Он знал такие дома, как дом Батлера, с детства. У него ведь появились было надежды на лучшую жизнь, он ее уже почти ухватил, эту жизнь, и вот теперь его отбросило далеко назад. Если бы не Сэл, он позволил бы себе соскользнуть под поверхность жизни, подобно тому, как человек, упавший в слишком холодную воду, уже не старается выплыть.
Она заставляла его идти вперед, даже когда их начал грызть голод. Он не забыл это ощущение усталости из-за вечно пустого желудка. Он уставал даже от мыслей об этом, и будь его воля, отвернулся бы, подобно миссис Миддлтон, к стене и сдался. Он и представить себе не мог, что свободный лодочник реки Темзы будет испытывать голод куда более сильный, чем простой ученик, будет голодать так же, как голодал он мальчишкой на Таннерс-Лейн. Он пытался храбриться, но понимал, что ему суждено голодать всю жизнь.

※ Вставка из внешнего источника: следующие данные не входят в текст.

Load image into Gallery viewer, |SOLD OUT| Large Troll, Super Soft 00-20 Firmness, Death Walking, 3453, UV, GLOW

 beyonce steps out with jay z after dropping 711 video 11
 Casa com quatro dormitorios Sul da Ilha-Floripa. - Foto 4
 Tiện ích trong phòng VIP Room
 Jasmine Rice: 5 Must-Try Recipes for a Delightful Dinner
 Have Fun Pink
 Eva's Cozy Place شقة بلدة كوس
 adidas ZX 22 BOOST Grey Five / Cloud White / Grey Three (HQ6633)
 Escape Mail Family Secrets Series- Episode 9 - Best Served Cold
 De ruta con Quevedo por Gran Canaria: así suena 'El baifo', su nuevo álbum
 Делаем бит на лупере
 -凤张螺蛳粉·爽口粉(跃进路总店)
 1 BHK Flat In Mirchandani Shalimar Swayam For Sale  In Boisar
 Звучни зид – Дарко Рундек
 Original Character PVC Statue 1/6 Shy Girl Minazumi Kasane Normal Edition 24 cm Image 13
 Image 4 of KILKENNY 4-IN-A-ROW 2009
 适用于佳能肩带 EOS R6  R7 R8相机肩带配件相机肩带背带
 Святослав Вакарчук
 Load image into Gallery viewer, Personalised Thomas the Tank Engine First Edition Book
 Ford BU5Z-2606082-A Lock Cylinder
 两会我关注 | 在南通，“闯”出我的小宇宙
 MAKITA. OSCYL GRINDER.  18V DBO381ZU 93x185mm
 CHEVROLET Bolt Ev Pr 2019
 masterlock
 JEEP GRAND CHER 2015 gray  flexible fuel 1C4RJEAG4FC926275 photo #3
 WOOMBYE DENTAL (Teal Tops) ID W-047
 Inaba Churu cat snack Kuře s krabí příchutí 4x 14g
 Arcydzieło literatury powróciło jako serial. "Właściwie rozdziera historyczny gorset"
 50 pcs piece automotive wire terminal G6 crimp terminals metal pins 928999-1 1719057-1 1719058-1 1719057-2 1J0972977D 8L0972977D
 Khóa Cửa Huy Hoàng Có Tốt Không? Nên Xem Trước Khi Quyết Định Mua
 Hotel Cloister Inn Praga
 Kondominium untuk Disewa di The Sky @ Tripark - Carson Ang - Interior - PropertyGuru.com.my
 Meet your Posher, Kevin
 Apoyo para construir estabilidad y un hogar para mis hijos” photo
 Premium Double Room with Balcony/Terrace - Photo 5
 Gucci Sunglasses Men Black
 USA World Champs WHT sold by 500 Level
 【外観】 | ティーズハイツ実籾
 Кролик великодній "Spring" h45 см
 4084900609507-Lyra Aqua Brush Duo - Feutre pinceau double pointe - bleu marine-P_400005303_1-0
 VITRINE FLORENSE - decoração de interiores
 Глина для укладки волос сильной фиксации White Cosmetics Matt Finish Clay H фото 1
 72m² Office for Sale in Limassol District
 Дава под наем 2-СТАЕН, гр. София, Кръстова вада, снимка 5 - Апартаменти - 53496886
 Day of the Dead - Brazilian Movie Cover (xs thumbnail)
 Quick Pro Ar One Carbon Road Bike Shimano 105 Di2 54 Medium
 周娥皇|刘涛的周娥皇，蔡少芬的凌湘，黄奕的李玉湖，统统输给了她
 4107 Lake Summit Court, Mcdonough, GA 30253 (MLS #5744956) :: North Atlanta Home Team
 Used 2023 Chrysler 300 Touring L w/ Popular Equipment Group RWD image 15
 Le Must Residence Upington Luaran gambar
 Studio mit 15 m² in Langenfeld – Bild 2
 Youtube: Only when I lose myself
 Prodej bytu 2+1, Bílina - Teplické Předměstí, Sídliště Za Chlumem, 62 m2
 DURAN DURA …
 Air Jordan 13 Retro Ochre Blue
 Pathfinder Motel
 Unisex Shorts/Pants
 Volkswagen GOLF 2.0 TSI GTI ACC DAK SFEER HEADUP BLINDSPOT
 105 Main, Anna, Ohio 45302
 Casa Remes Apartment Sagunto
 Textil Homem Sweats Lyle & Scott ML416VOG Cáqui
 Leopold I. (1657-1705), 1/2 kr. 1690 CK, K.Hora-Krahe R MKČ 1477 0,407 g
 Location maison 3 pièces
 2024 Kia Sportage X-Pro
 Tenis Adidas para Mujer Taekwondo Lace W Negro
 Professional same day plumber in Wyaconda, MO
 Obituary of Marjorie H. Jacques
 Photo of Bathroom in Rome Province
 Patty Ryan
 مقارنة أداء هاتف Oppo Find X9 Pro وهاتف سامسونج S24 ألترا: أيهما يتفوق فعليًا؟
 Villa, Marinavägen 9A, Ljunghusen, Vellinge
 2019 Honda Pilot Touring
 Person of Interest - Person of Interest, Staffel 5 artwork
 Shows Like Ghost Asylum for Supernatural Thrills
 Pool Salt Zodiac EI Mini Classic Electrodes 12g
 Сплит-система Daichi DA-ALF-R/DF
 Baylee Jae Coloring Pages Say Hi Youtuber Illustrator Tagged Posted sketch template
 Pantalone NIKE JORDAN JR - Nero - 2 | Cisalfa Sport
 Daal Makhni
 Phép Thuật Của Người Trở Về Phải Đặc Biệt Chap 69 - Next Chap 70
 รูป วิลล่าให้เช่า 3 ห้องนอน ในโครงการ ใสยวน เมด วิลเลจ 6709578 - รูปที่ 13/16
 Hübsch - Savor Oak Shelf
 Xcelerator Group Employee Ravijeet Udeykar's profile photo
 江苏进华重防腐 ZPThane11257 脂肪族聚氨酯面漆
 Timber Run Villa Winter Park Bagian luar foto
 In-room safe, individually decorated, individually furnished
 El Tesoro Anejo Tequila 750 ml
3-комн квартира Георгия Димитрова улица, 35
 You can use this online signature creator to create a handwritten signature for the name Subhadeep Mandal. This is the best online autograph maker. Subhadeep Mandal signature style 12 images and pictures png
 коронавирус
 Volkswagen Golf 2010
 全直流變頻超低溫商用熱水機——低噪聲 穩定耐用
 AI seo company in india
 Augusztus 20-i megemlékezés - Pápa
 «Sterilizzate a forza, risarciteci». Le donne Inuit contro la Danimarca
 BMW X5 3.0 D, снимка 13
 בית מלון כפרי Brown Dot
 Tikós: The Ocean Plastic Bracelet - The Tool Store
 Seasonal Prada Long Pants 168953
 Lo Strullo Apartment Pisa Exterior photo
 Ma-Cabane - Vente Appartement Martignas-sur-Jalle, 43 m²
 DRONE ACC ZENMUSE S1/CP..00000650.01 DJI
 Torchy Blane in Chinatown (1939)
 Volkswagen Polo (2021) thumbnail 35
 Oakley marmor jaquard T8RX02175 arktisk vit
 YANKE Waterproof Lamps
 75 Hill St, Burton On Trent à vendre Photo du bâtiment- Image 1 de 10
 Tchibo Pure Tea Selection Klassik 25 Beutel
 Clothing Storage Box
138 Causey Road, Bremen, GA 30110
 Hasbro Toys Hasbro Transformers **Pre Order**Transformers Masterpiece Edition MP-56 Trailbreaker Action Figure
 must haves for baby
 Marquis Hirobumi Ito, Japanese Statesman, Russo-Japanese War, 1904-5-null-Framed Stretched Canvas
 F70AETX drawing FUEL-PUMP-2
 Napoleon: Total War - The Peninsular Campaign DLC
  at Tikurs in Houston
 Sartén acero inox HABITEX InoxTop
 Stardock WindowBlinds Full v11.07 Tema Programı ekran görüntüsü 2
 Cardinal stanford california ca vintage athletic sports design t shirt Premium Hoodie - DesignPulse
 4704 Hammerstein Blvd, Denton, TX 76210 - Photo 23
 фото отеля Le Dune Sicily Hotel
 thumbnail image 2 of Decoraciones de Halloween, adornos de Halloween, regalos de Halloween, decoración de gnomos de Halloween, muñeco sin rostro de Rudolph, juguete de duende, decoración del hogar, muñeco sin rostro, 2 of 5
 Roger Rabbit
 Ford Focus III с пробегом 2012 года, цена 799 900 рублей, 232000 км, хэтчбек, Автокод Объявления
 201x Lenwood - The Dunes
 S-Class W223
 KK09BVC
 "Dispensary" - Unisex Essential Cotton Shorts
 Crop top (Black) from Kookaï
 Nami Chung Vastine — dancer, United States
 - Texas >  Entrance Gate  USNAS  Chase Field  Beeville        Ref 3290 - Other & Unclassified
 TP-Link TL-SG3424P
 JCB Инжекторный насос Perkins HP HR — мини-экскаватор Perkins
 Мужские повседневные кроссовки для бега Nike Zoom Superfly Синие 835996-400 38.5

Сэл, возможно потому, что у нее не было такого опыта, воспринимала нужду как нечто временное, как то, что двое людей, таких смышленых и работящих, как они, смогут преодолеть. Однажды она стащила пару яиц с прилавка и спрятала их в детское одеяльце, пока все таращились на двух дерущихся собак. Вечером она, смеясь, рассказывала об этом происшествии Торнхиллу: «Я утащила бы и три, только эти псы, хоть и все в крови, вдруг перестали драться и принялись облизывать друг друга». И он веселился вместе с нею, им обоим было весело, потому что в животах у них было по яйцу: «Надо же, паршивцы, принялись друг друга обнюхивать, а мне-то это было совсем ни к чему!»
Это была ее первая кража, и она по-детски ею гордилась.
Он похвалил ее, назвал хитрым воришкой, но на сердце у него было тяжело, потому что жизнь отбросила его в прошлое.
Из своего крохотного окошка они видели двор мистера Ингрэма, по которому весь день бродила домашняя птица. Куры и утки сражались за сухие корки, которые бросала им из кухонной двери Ингрэмова кухарка. Торнхиллы тоже сразились бы с курами за эти корки, да только кухарка все время торчала во дворе и, догадываясь, что у Торнхиллов на уме, злобно на них поглядывала.